Desktop Helper 3 - Supplementary Information 2 - Sri Lankan approach described by Seneth Samaranayake
27 Apr 2022
- Disease management
- End of Life
Type of resourceOther
S2 Sri Lankan approach described by Seneth Samaranayake
- Though the majority of people with COPD are male smokers we see an increasing number of women at our clinics now. It is thought to be mainly due to many other causes of COPD: garment factory workers and women working in other manufacturing institutions where there is textile dust, tea dust, paper dust and biogases.
- COPD is commonly managed in general practices and specialized pulmonary clinics in Sri Lanka. Usually, people with COPD are referred to secondary care units when they need oxygen for longer periods during exacerbations. However, when they are successfully managed they come back to general practices for long term follow up. Therefore, a palliative care approach needs to be started at general practices and it is practised up to different levels depending on the interest of the GP and available time at these clinics.
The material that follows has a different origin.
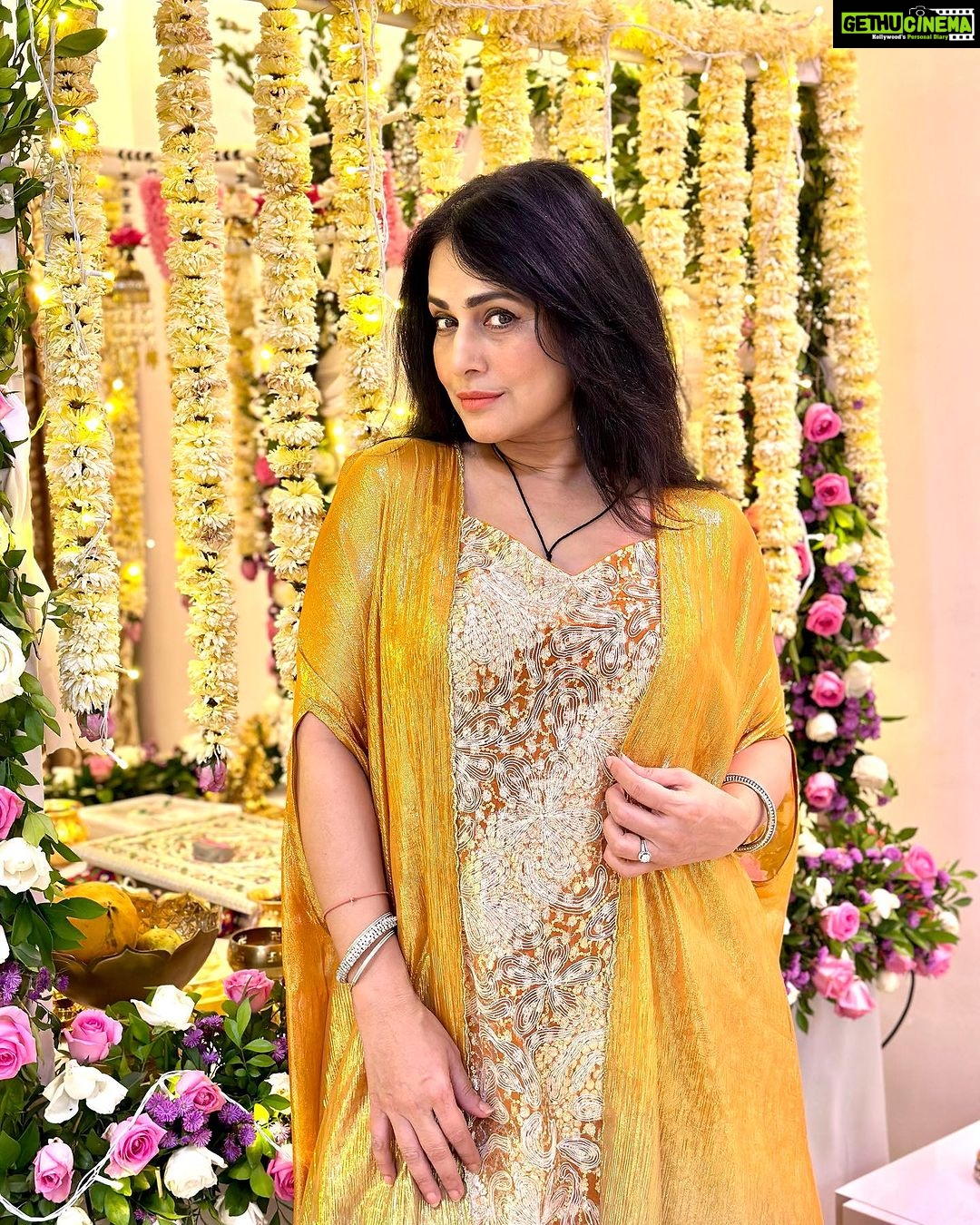 Pakhi Hegde Instagram - 🍊 Styled by : @tiara_gal @akansha.27 Assisted by : @stylebypriyankaa Outfit - @arpitasulakshana @stylebyriyajn #pakkhi #pakkhihegde #pakhi #pakhihegde #fyp #instagood #instagram #instadaily #reelsinstagram #reels #trend #trendingsongs #trendingreels #viral #viralreels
- At my general practice in a suburban area in the southern part of Kalutara we start palliative care at the time of COPD diagnosis. After a careful history I identify the needy areas in palliative care and document them. Highly individualized care by our health team offering empathy and interest in educating them creates an excellent rapport which will help in all aspects of palliative care later on when the disease progresses.
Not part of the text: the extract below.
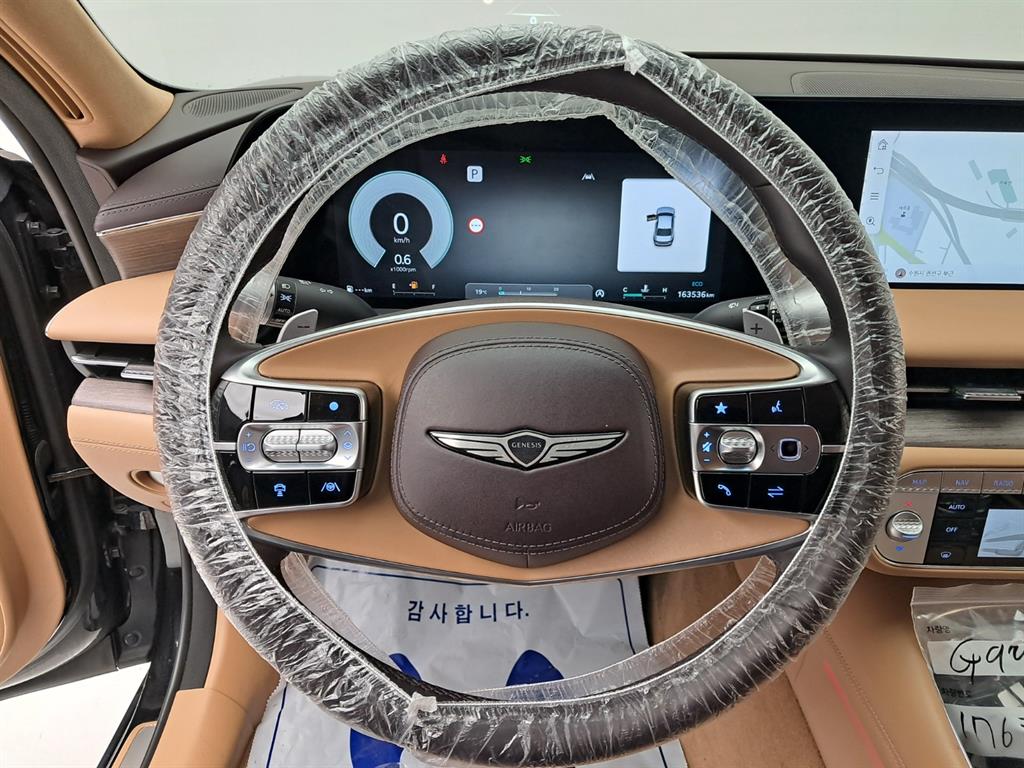 Genesis G90 — photo 07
- Integrating palliative care approach starts at the time of diagnosing COPD. Taking a detailed history including a social history by the GP identifies the person’s needs and concerns. As these needs and concerns keep changing, we always try to serve the person with a particular trained nurse who will be their contact throughout their illness. They will keep their record and all their symptoms and signs, development, concerns and the way they change are documented at every visit and recorded. The nurse will be the person’s 24 hour contact over telephone for problems and queries. She needs to have the facility for video and audio calls as well. Whenever the person with COPD comes to the clinic all these health parameters and other concerns are observed and recorded at the pre-consultation room. The pre-consultation room is the health care point before the person enters the consultation room where basic health information is gathered, and measuring disease control parameters are measured and recorded.
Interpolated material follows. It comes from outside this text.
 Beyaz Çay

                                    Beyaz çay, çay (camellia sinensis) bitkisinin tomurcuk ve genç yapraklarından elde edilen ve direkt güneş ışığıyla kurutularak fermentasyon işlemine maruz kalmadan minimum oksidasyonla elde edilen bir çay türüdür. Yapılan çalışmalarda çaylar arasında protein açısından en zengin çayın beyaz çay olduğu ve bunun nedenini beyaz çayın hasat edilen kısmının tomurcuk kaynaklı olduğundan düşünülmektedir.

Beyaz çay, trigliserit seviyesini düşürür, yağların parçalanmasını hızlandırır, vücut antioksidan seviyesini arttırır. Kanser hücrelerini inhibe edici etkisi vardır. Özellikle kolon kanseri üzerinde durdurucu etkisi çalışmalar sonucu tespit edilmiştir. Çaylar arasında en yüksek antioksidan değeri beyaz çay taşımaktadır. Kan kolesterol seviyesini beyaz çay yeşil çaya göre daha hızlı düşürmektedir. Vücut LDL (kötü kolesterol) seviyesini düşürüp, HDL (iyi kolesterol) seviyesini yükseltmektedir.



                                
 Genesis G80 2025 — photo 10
- Their need for social, psychological and spiritual support can be easily identified and resolved by timely action by the GP in consultation with the trained nurse allocated for the person with COPD. Many times the rapport between the two of othem helps the person to get advice, and encouragement for legal, social and spiritual care making their quality of life better. Even in the clinic, people with 3rd and 4th stage COPD can have preferences in care by having careful heath monitoring with a separate numbering system for consultation. Contacting the local religious leaders according to the person’s preference and organizing their involvement with religious activities makes the quality of COPD care unique. This can be done by the GP easily.
- Pulmonary rehabilitation in COPD too is arranged at the pre-consultation room and appointments are given. Physical components of rehabilitation varies from brisk treadmill tests in stage 1 and 2 COPD patients to very limited limb raising exercises in stages 3 and 4. However, for all people with COPD, unless there is central functions degeneration, pranayama (yoga breathing techniques ) can be taught. These breathing techniques are very useful as components of pulmonary rehabilitation.
- Oxygen use in COPD can be offered to people with low oxygen saturations after recognizing carbon dioxide driven systems clinically. Morphine in our country is exclusively dispensed from state owned pharmacies and only on prescriptions for shorter periods. However, use of morphine in COPD occurs only during the later stages of palliative care approach in end of life care.